Harbans Lal Vs. State of Punjab
(From the Judgment and Order dated 6.10.82 of the Punjab & Haryana High Court in Crl. A.No. 449-DB of 1982)
(From the Judgment and Order dated 6.10.82 of the Punjab & Haryana High Court in Crl. A.No. 449-DB of 1982)
Mr. Ranbir Yadav, Advocate for Mr. R.S. Suri, Advocate for the Respondent.
Indian Penal Code, 1860:
Sections 302/34 – Death by burning – Deceased died from burn injuries while residing in her husband’s (appellant’s) house – Prosecution witnesses not reliable – High Court convicted the appellant on the supposition that the deceased was staying with the appellant – High Court did not consider the defence witnesses and the statement of the appellant that due to the strained relations the appellant was living sleeping in his shop – Benefit of doubt given to the appellant – Appeal allowed.
1. The appellant along with his two sons Pawan Kumar and Dial Ram were sent up for trial in connection with the murder of Punni Devi – wife of the appellant and mother of Pawan Kumar and Dial Ram on the night intervening 16/17 October, 1981. The trial court convicted all the three accused for offences under Section 302/34 IPC vide its judgment dated 15-06-1982 and sentenced them to undergo life imprisonment. On appeal, the High Court gave benefit of doubt to Pawan Kumar and Dial Ram and acquitted them. The conviction and sentence of the appellant was, however, maintained.
2. By special leave, the appellant has called in question his conviction and sentence.
3. We have heard learned counsel for the parties and examined the record.
4. That Punni Devi died as a result of burn injuries on the night intervening October 16/17, 1981, in the house of her husband Harbans Lal appellant, is not in dispute. The question, however, is whether the prosecution has been able to establish that the appellant committed the crime.

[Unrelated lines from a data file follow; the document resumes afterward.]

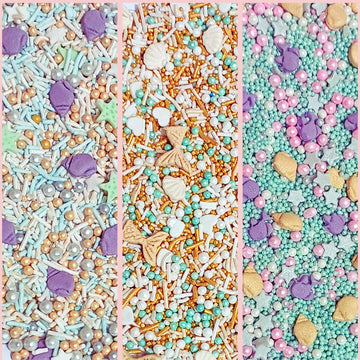 Confect Under The Sea Sprinkle Mix Set - Sea Shell, Star Fish, Mermaid & Sea Fishes Edible Decorations In Ocean-Inspired Colors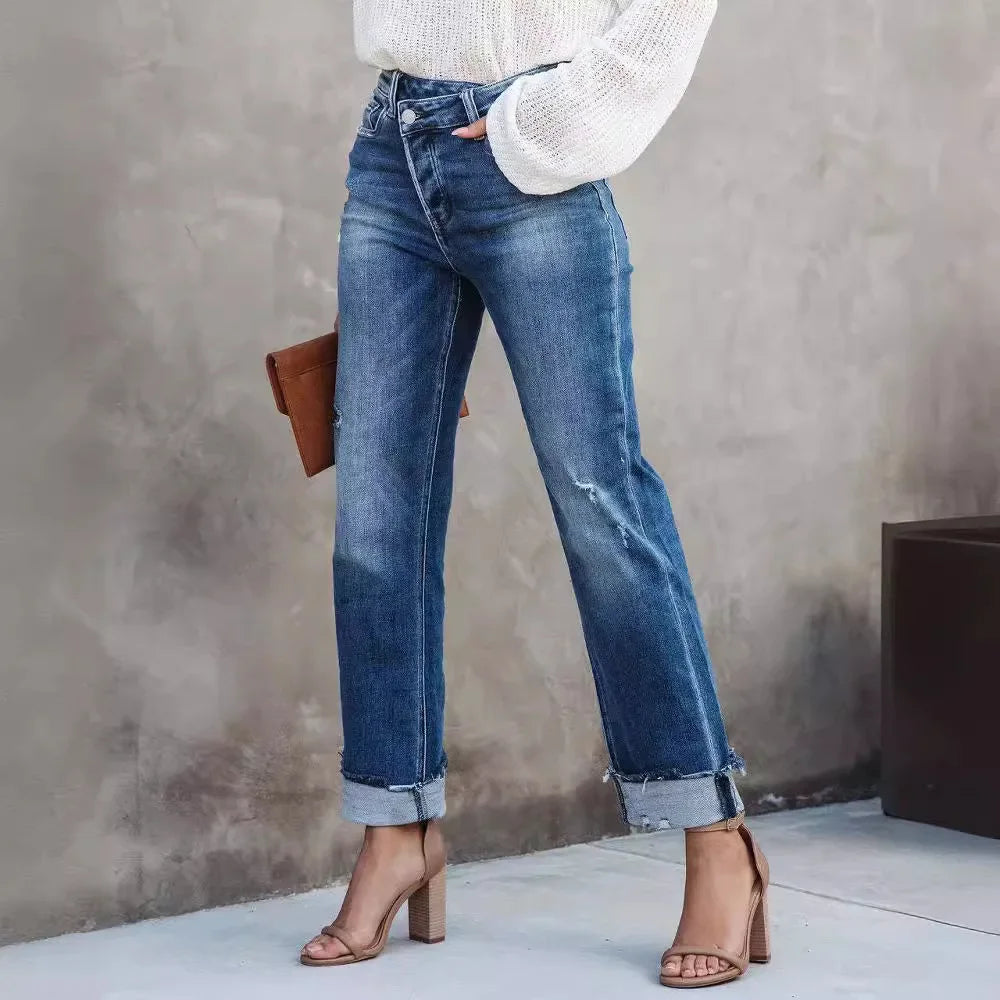Women Straight Ripped Ankle Length Denim Jeans High Waist Pocket Button Pants.  S-XL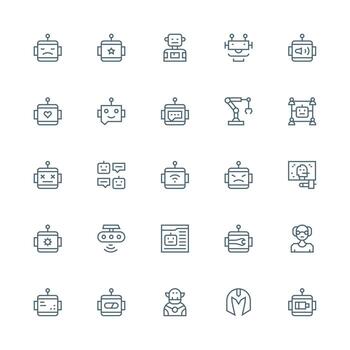 Robot Icon Set with 25 Medium Stroke Outline Graphics Fully Editable Icon Set for Web vector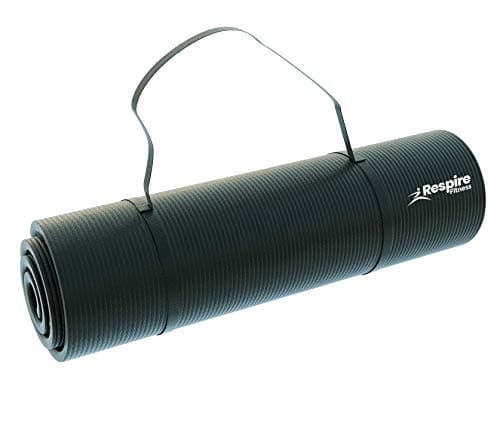 Respire Fitness Yoga Mat for Men and Women, 185 x 57 cm, Thick Cushion with Smooth and Ribbed Surfaces, Non-Slip Sweat Resistant Material for Pilates, Stretching, Fitness, and Meditation (Black) — view 6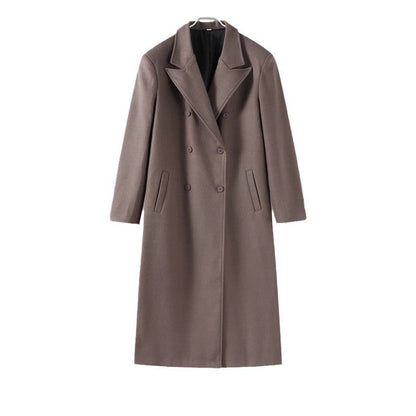 Damen Doppelreiher Wollmantel Elegantes Design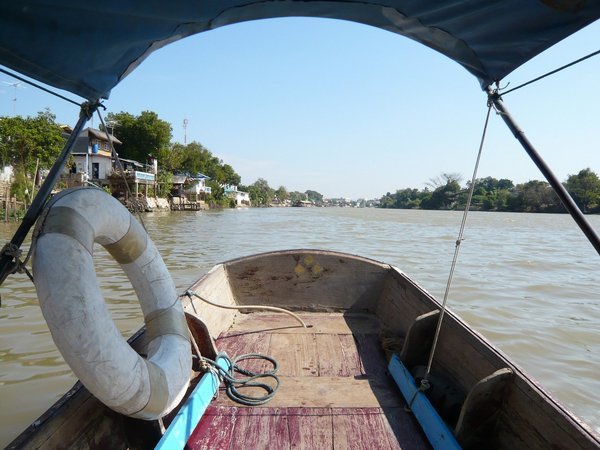 Longtail boat ride on the river around Ayuthaya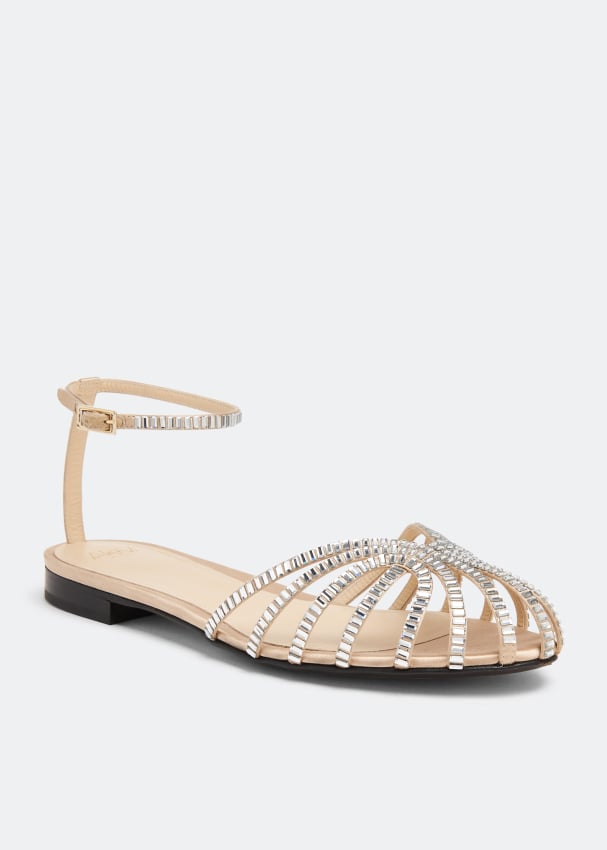 Сандалии ALEVÌ MILANO Rebecca satin sandals, бежевый набор хрустальных стопок milano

5. The prosecution examined PW-11 Kartar Singh and PW-12 Karnail Singh – grandson of PW-11, as the two witnesses of the occurrence. The High Court while considering the submissions relating to the evidence of Kartar Singh PW-11 found that the criticism of his evidence “was not without force” but went on to say that even if the evidence of that witness was ‘ignored’, the fact remains that the deceased was found dead in her own house where she was residing with the appellant and that it was not a case of suicide and therefore the appellant must have burnt her to death. Thus, the High Court appears to have relied upon that circumstance to uphold the conviction and sentence of the appellant.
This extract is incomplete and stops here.